It has been shown that not all three supply lines to the motor windings necessarily need to be controlled. According to one embodiment of the invention, only two phases are controlled in accordance with this.

The measures proposed according to the invention cause an exceptionally quiet operation of the thus regulated or controlled engines.

Further details, advantages and distinctive features of the invention appear both from the patent claims and from the subsequent detailed description of a number of design examples with reference to the drawings, where fig. 1 shows a coupling device according to an older proposal, fig. 2 shows a block diagram for a star-connected three-phase motor, where a controlled diode element is arranged in all three phases, fig. 3 shows a block diagram corresponding to fig. 2, where controlled diode elements are arranged only in two phases, fig. 4 shows a block core corresponding to fig. 2 for a pump motor driven in delta connection, fig. 5 shows a block core corresponding to fig. 3 for a pump motor driven in delta connection, fig. 6 shows a block diagram of the control circuit, fig. 7 shows a pulse plan, fig. 8 shows a schematic representation of the timing of the control pulses for an exemplary embodiment according to fig. 2 or 4, fig. 9 shows a representation corresponding to fig. 8, for an embodiment according to fig. 3 or 5, fig. 10 shows a connection detail of the gate and connection circuit, fig. 11 shows a block connection core of another embodiment of a device for controlling the rotational speed of an asynchronous motor, fig. 12 shows details of the one in fig. 11 shown device, fig. 13 shows a diagram of the phase progression with asymmetric phase section in two phases, fig. 14 shows a further diagram of the phase progression when choke coils are connected according to the one in fig. 12 and 13 shown device, and fig. 15 shows a diagram of the progress of a single phase in a control process depending on the voltage level of the speed control device.

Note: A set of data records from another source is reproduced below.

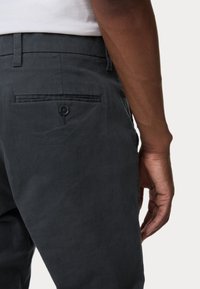 Donkergrijze broek van een gladde stof, met een achterzak met knop en een slank, op maat gemaakt ontwerp.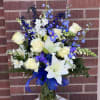 Featuring lilies, roses, stock, iris and larkspur. 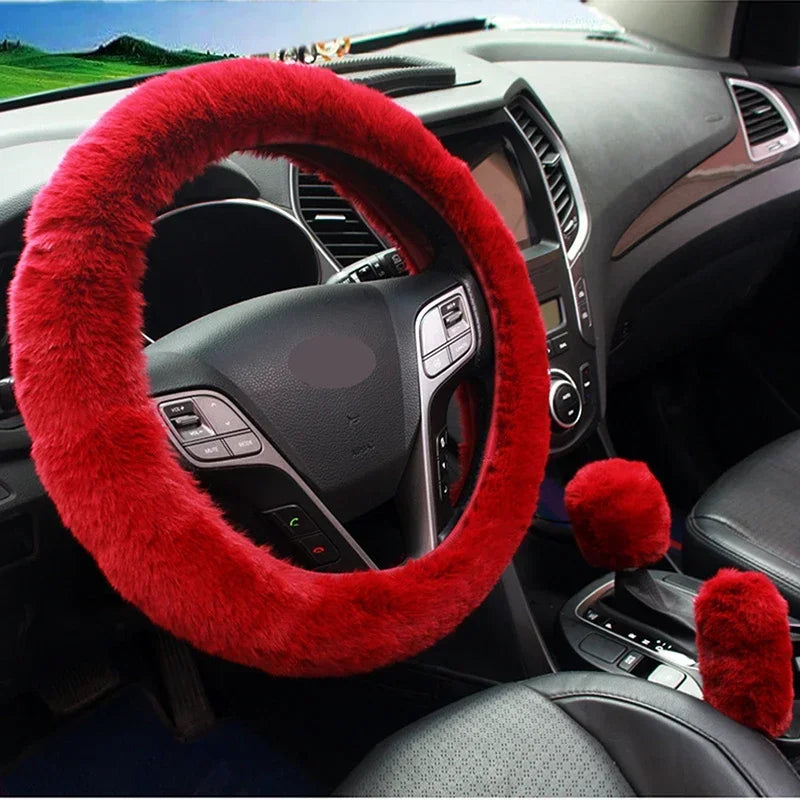 Red fuzzy steering wheel cover and gear shift cover on a car dashboard.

Fig. 1 shows a coupling device of the type indicated at the outset according to the German patent application P 32 10 082. Here a signal representing the motor's power consumption is received from one of the phase lines

(T) taken from a choke coil 10 designed as a transformer and supplied to a current measuring circuit which forms part of the control connection ST. As a signal generator, the control circuit contains an integrated circuit (IC) L2 whose output signals are galvanically isolated and transmitted via optocouplers to the power section L. In the example shown, the output of the power section L is formed by two triacs 13 arranged between the motor's M phase lines.

It appears that the motor current changed with the help of the triacs goes into the current measuring circuit as a feedback quantity, so that a complete regulation loop is created which can be adjusted with the help of potentiometers. According to this older example, a phase average control takes place in dependence on the power consumption or on another control variable, e.g. the temperature of a heating circuit.

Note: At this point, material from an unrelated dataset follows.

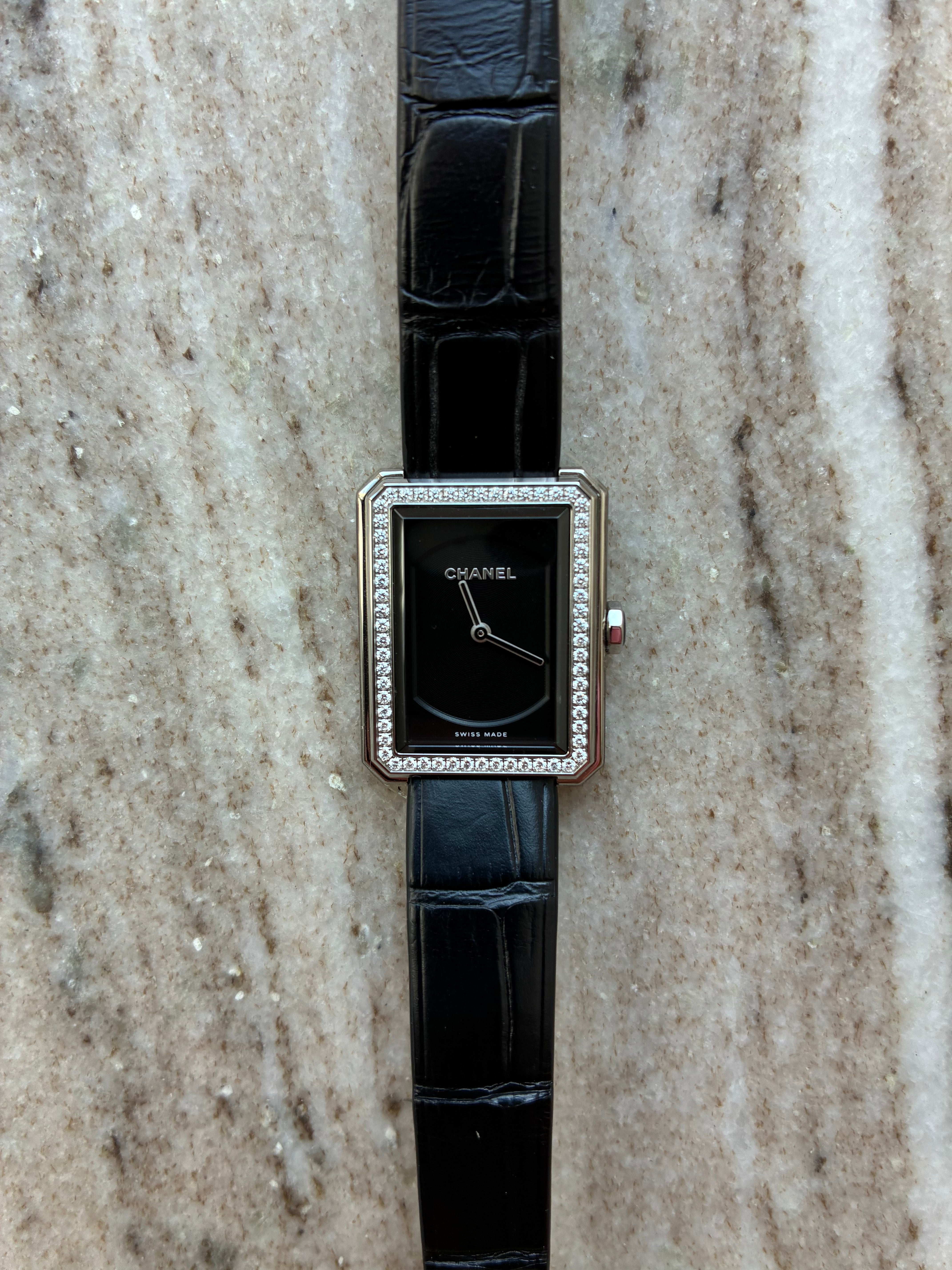 Chanel Boyfriend Uhr mit Diamanten und schwarzem Lederband auf Marmoruntergrund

In fig. 2 - 4, a motor 1 fed with three-phase current for a pump 2 is indicated by means of its windings which are connected to the phase supply lines R, S,

T.

Because of their robustness and their simple construction, short-circuit motors are preferably used as pump motors, in particular slotted tube rotors (encapsulated rotor) or also short-circuit rotors. Such motors are therefore often also provided with auxiliary windings which serve to allow a pump to work in more than one power stage. The lagging or sagging present with these engines is included in the purchase.

It is now known to connect controlled diode elements, e.g. the triacs, in the mains supply lines of the motor windings when the windings are arranged in a delta connection, or to insert such controlled diode elements between the windings and the star point in a star connection. The control of these diode elements takes place by means of a reference value, and then preferably the power consumption or input power of the motor windings. Various coupling devices are known for this purpose.

With the help of the controlled diode elements connected to the wires, an area dependent on the reference value of the voltage produced as a sine curve of each phase is cut off, i.e. the motors are operated with so-called phase section control. However, this is actually a real regulation as the pump speed is adjusted to the respective power requirement. In the following, however, the common term "management" is used in this area.

The speed or speed control according to the invention can be operated using arbitrarily derived reference values which say something about the pump's power requirement. At those in fig. 2-5 shows, a very simple instrument is used to derive a reference quantity. Here, a pressure difference meter 4 is connected parallel to the pump in the pump line 3, whose outlet via a reed connector emits a signal to a digital or analogue signal generator 5. The pressure difference meter's limit values are adjustable.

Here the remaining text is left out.